### SUPPLIED RECORDS
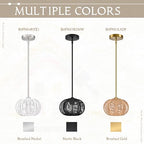 Black Mini Rattan Pendant Light Rattan Light Fixture Wicker Chandelier Woven Pendant Light Boho Chandelier for Bedroom Kitchen Island - color: 8.7" Black
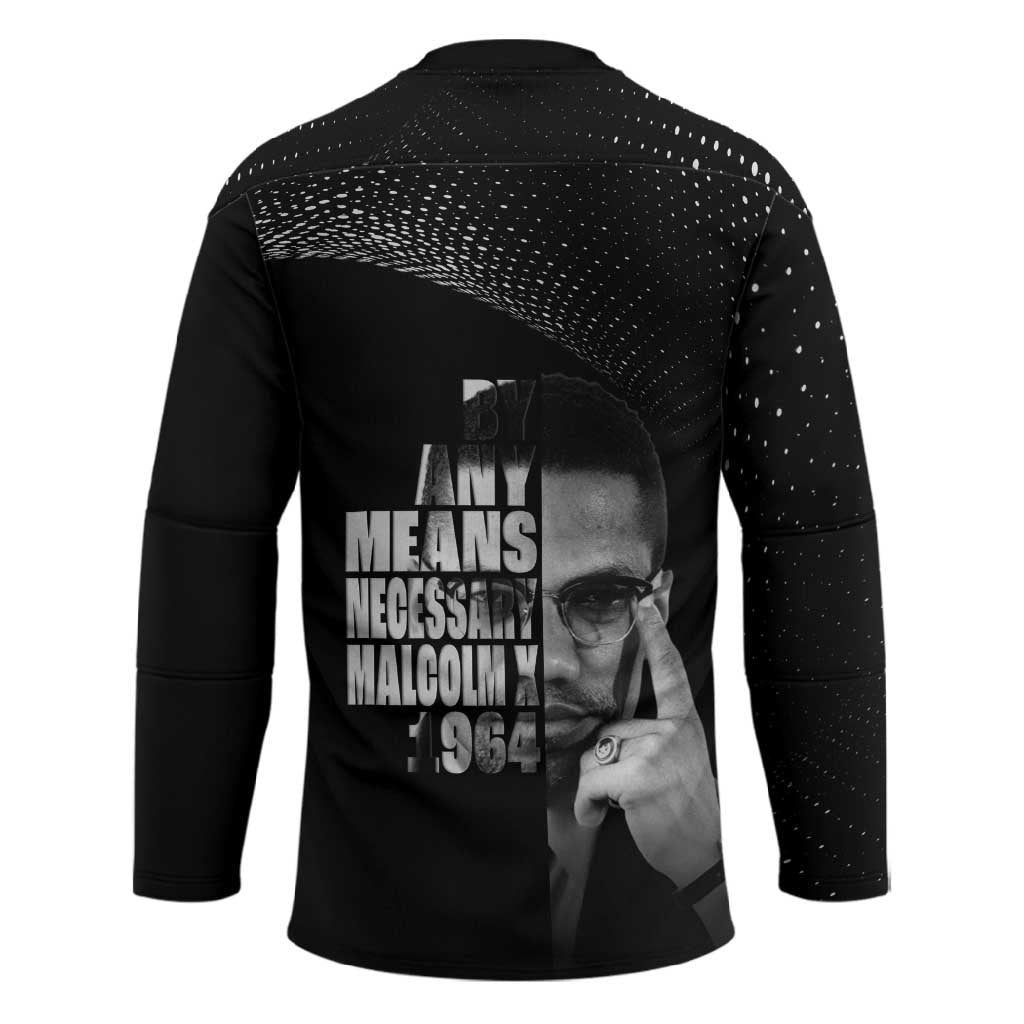 Malcolm X El-Hajj Malik El-Shabazz Hockey Jersey By Any Means Necessary
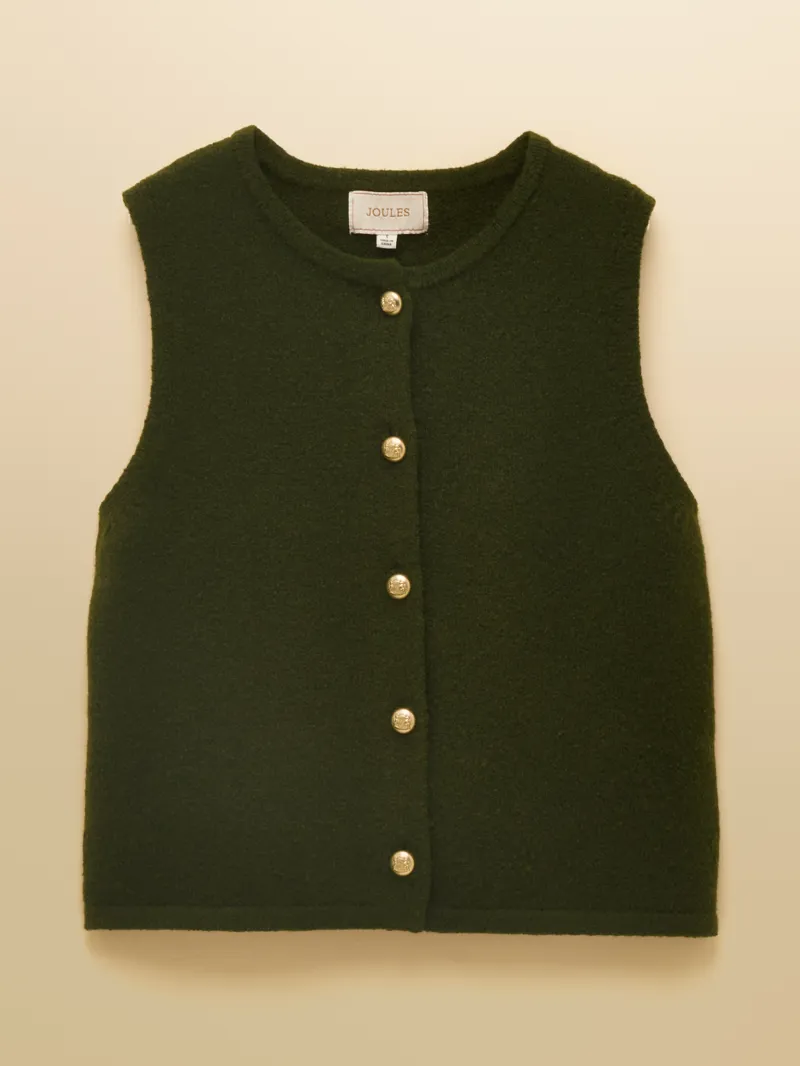 Joules Holly Button Vest - Khaki-1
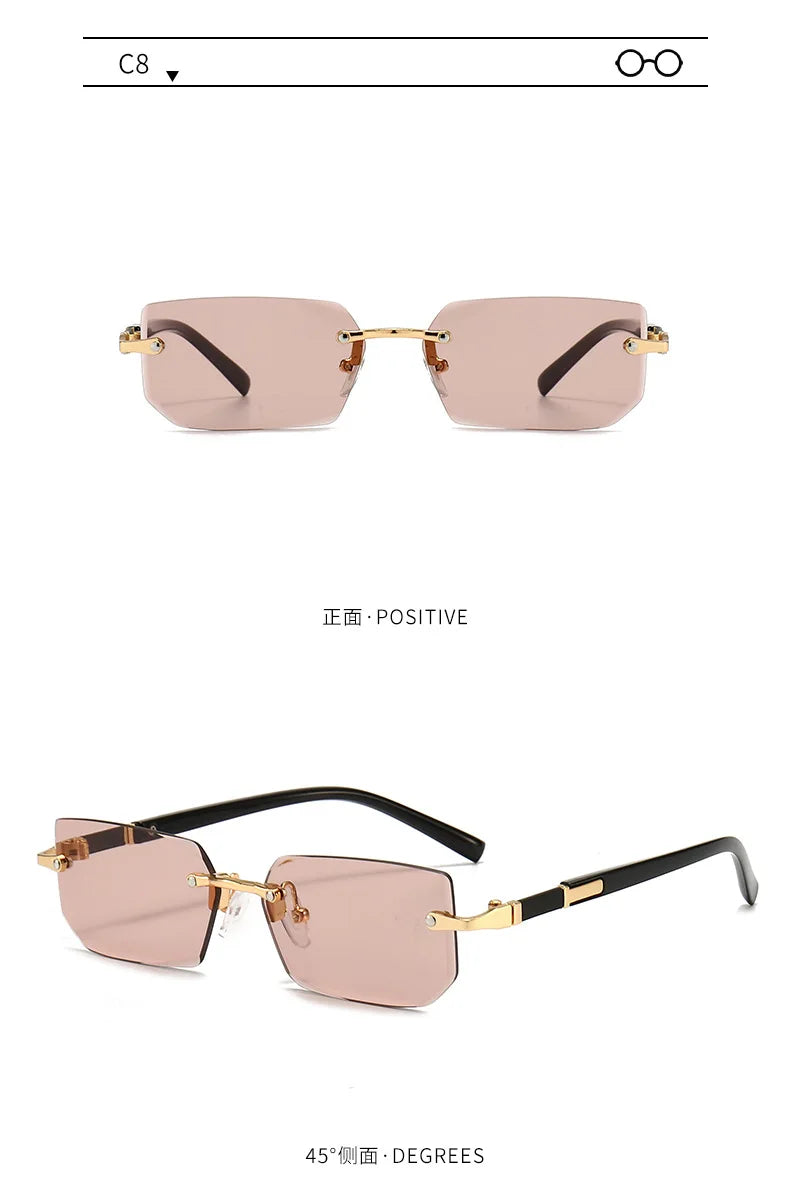 Rimless Sunglasses Rectangle Fashion Popular Women Men Shades Small Square Sun Glasses For Female Male Summer Traveling Oculos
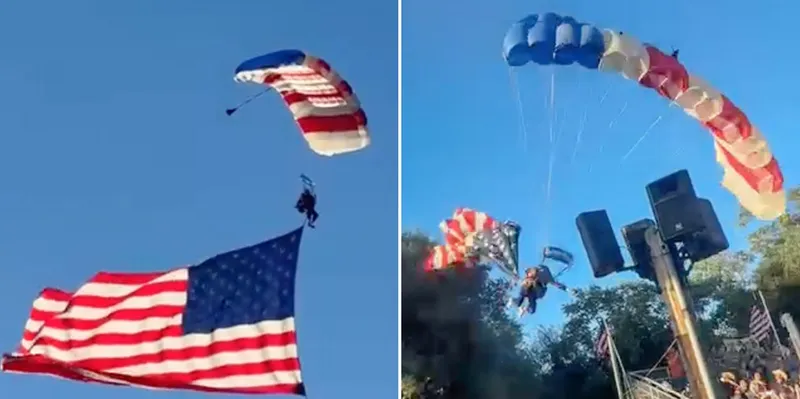 Impactante aterrizaje: paracaidista cae tras enredarse su bandera de EE.UU. en Folsom (VIDEO)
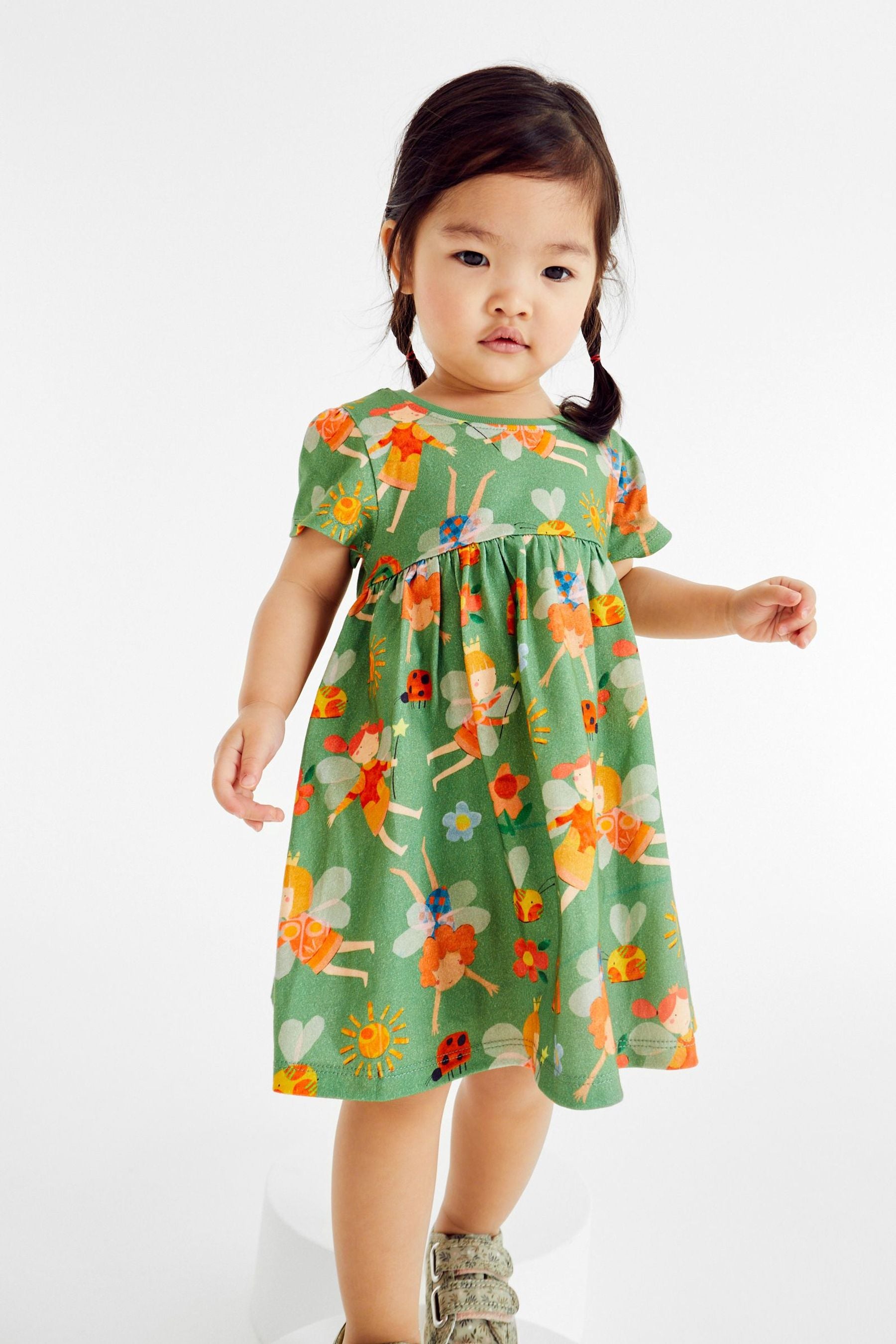 Green Fairy Character Short Sleeve Jersey Dress (3mths-7yrs)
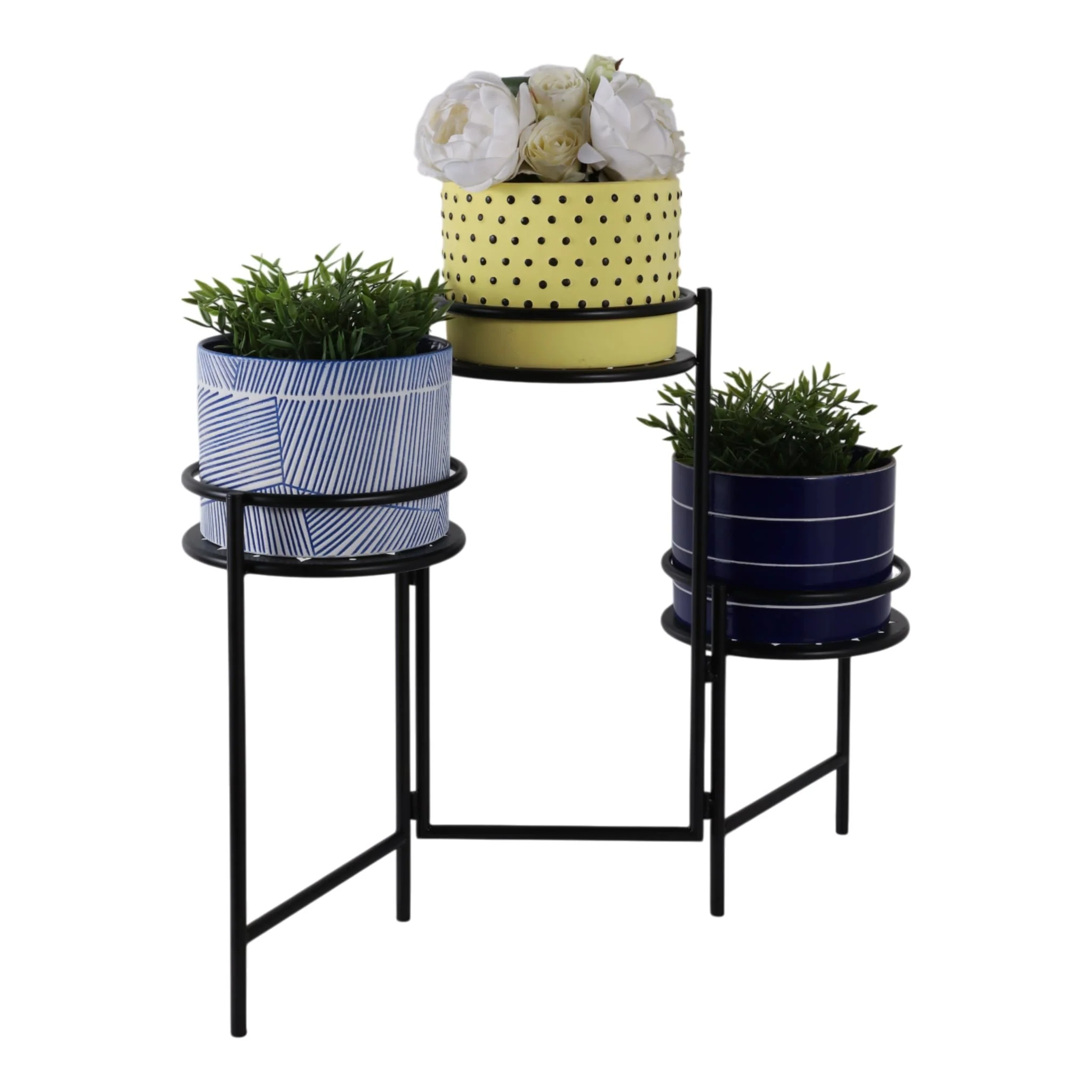 22" Folding 3-tier Mandala Plant Stand, Black - Image 2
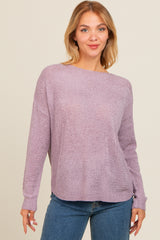 Lavender Contrast Knit Panel Maternity Sweater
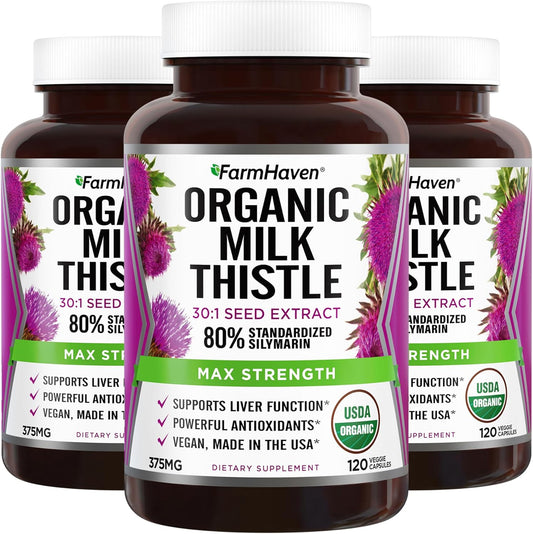 Organic Milk Thistle Capsules - 30X Concentrated Seed Extract, 80% Silymarin - Liver & Health Support - Non-GMO - 360 Vegan Capsules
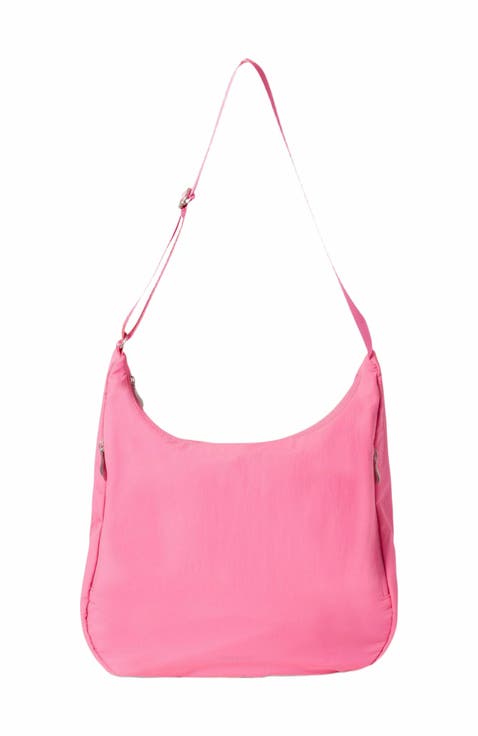 ショルダーバッグ・ポシェット [YOUHEE] LETTERING HOBO BAG [PINK] Pink Hearts Love Red Plaid Womens Shoulder Bag for Women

### ACTION ITEM
All of the material above needs to be restated exactly, with no pictures.

### RESPONSE TO THE TASK
 Black Mini Rattan Pendant Light Rattan Light Fixture Wicker Chandelier Woven Pendant Light Boho Chandelier for Bedroom Kitchen Island - color: 8.7" Black
 Malcolm X El-Hajj Malik El-Shabazz Hockey Jersey By Any Means Necessary
 Joules Holly Button Vest - Khaki-1
 Rimless Sunglasses Rectangle Fashion Popular Women Men Shades Small Square Sun Glasses For Female Male Summer Traveling Oculos
 Impactante aterrizaje: paracaidista cae tras enredarse su bandera de EE.UU. en Folsom (VIDEO)
 Green Fairy Character Short Sleeve Jersey Dress (3mths-7yrs)
 22" Folding 3-tier Mandala Plant Stand, Black - Image 2
 Lavender Contrast Knit Panel Maternity Sweater
 Organic Milk Thistle Capsules - 30X Concentrated Seed Extract, 80% Silymarin - Liver & Health Support - Non-GMO - 360 Vegan Capsules
 ショルダーバッグ・ポシェット [YOUHEE] LETTERING HOBO BAG [PINK] Pink Hearts Love Red Plaid Womens Shoulder Bag for Women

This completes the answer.